• [Problem]
Pictures stay out; print the rest of the listing below exactly as it stands.

• [Stored data]

--

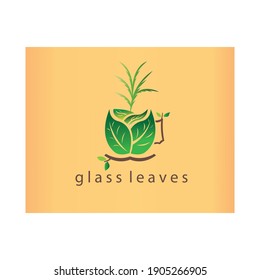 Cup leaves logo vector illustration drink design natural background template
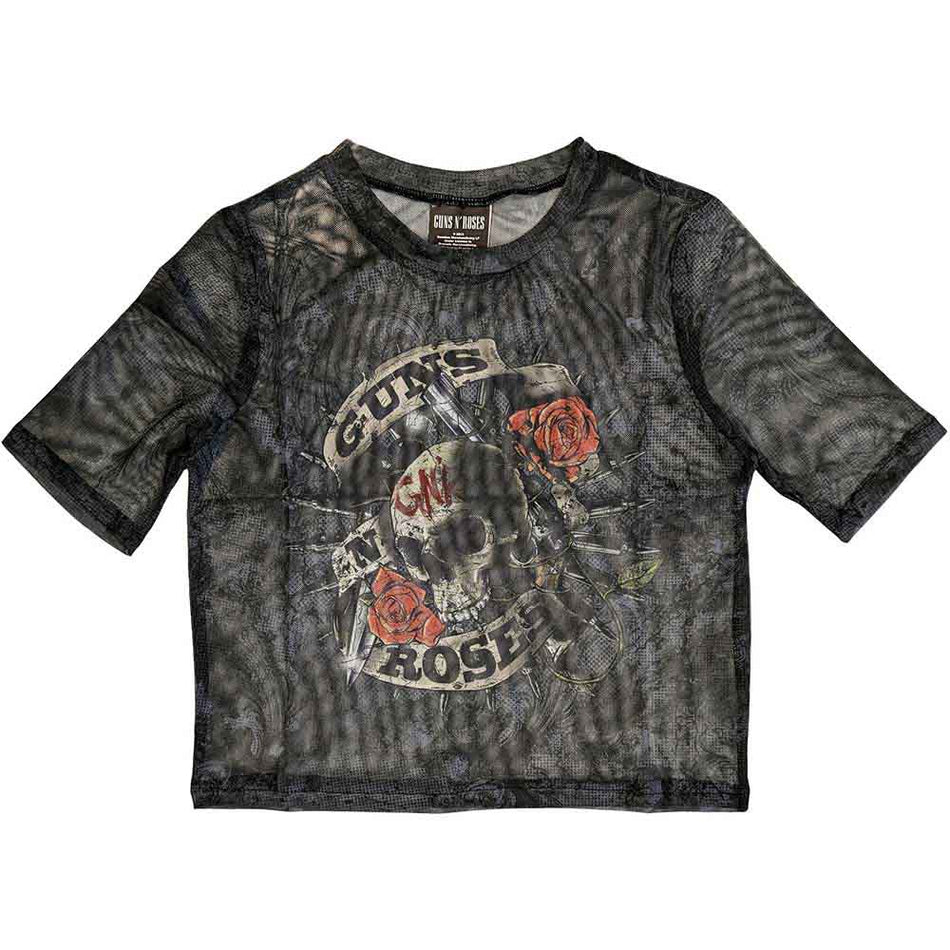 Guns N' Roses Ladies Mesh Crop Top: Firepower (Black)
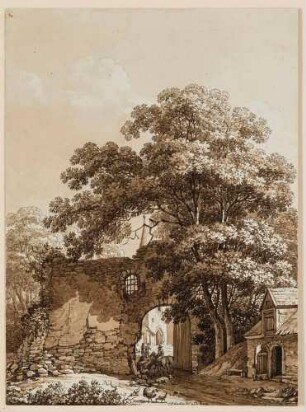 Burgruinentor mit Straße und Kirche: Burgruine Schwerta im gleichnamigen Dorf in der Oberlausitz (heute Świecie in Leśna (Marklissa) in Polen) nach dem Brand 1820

--

• [Task output]
 Cup leaves logo vector illustration drink design natural background template
 Guns N' Roses Ladies Mesh Crop Top: Firepower (Black)
 Burgruinentor mit Straße und Kirche: Burgruine Schwerta im gleichnamigen Dorf in der Oberlausitz (heute Świecie in Leśna (Marklissa) in Polen) nach dem Brand 1820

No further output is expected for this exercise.